Who needs natural light anyway? I use strobes even when there is natural light. Nope, I am going to build an internal wall with a window.

Next problem: if there is a gene I did not inherit from my father, it is his amazing carpentry skills. This will not be pretty but I am going for it anyway. I make a quick visit to the local home improvement shop and pick up some architrave. Armed with some rudimentary tools - namely a pencil, ruler, hand and tenon saw (none of your fancy mitre blocks here) - I make my first cuts and see if they actually line up properly. Like I said, it is not pretty but kind of looks right. I have already exceeded my expectations.

The basic frame

Flushed with success, I return to the home improvement store. I was not going to risk going all out straight away so it is now time to buy some more wood and complete the next stage. Besides, I did not even know if I could get the lengths of wood into the car the first time around and may have had to carry them home.

I get some 30mm timber and some beading, screws, and wood caulking. I don't need one of the fancy sealant guns to apply the caulking, I have one at home already.

I get home and complete stage 2. I make a frame with the 30mm timber, screw it all together and see how bad my joins are through not using a mitre block to cut the angles. It's OK, I have the wood caulking and a ..... where is the sealant gun?

The project stops until Sunday when I buy a sealant gun to replace the one that has apparently gone AWOL. Final stages for this weekend, a splash of paint.

Screwing it all together

A bit of wood caulking and a lick of paint

A week later and it is time for stage 3, build a fake wall. I am really pushing the tool boundaries now by wheeling out my jigsaw. After attaching some plywood to a frame made from stud work timber, I hack out a hole that would have been smoother if a great white had bitten it out (it will be fine; I still have wood caulking and a shiny new gun to squeeze it out with now).

I continue to complete my false wall whilst attending a studio directors' meeting, with it occasionally falling on my head and covering me with paint. One must suffer for their art.

Into the wall the window goes

I'm into the third week of the project now and I have a shoot at the weekend. Ideally I would like to have the window ready for it, so I go straight to the studio after work, stopping off to pick up some brackets. I have been laying awake at night wondering how I am going to hold the wall in place. Using a heavy duty c-stand and a grip or two is not the way to go - the bump on my head from the previous week is testament to that.

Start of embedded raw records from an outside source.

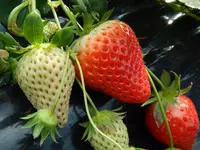ひろびろ苺ファームの写真・動画_image_179944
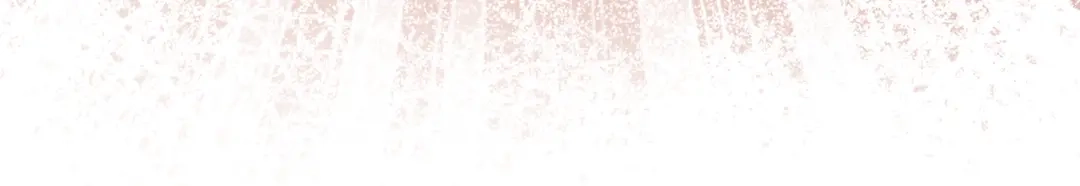 第288页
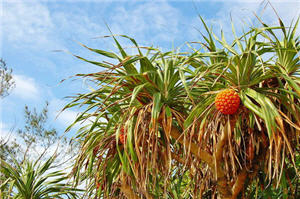 果實色彩鮮豔的林投樹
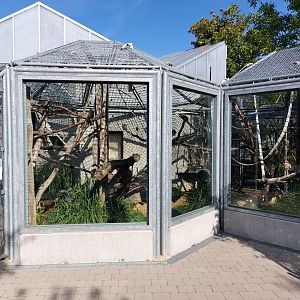 Roloway guenon outdoor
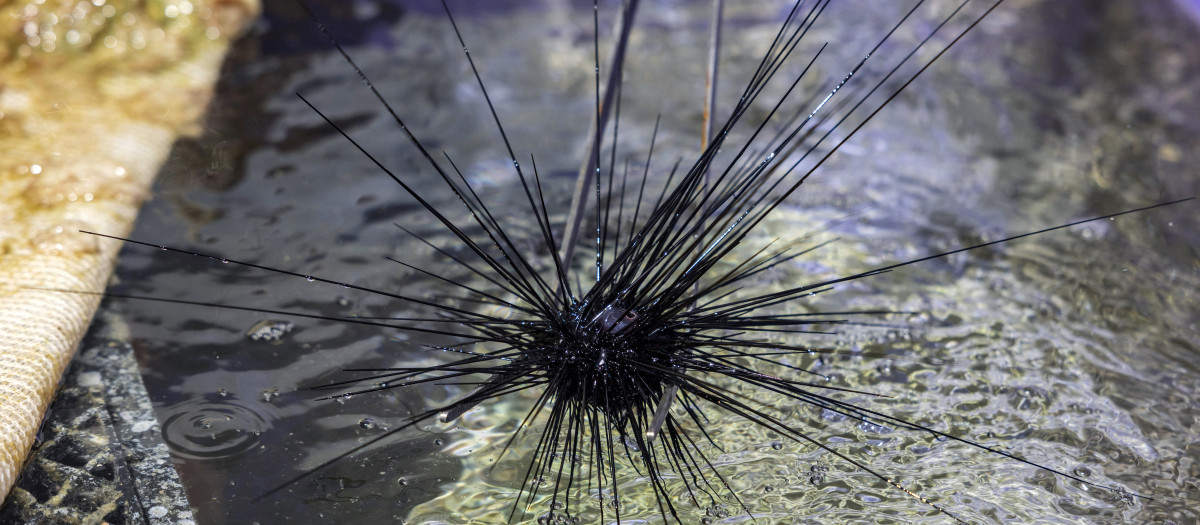 Un erizo de mar Diadema Setosum se encuentra en un acuario en el Instituto Interuniversitario de Ciencias Marinas, en la localidad israelí de Eilat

The wall is now secured to the edge of the cove with brackets but can easily be unscrewed and moved out the way if need be.

Secured wall and window

Stick a voile over it

Add a very weak sun!

Third Friday, and I am delighted to be working with a new model, Emily, on a make up shoot with my friend Kerry-ann. We have some plans for a stylised shoot but we will have some time at the end for me to try out the new set. Was it worth the effort? Yes, I think so!



This was lit using a large 63 inch diffused parabolic umbrella with a PixaPro CITI 600 strobe; an additional diffuser was hung on the 'outside' of the window to even the flash out and soften it further. 'Inside' was lit with a 105cm rice bowl soft box with a second CITI 600 TTL strobe on a low manual setting. The net voile adds further diffusion to the sunlight, giving a beautifully soft light on Emily.

Over time it will be interesting to see the effects of balancing the light either side differently. With the 'outside' light up quite high you lose detail in the voile but it needs to be quite bright to give the airy daylight feel.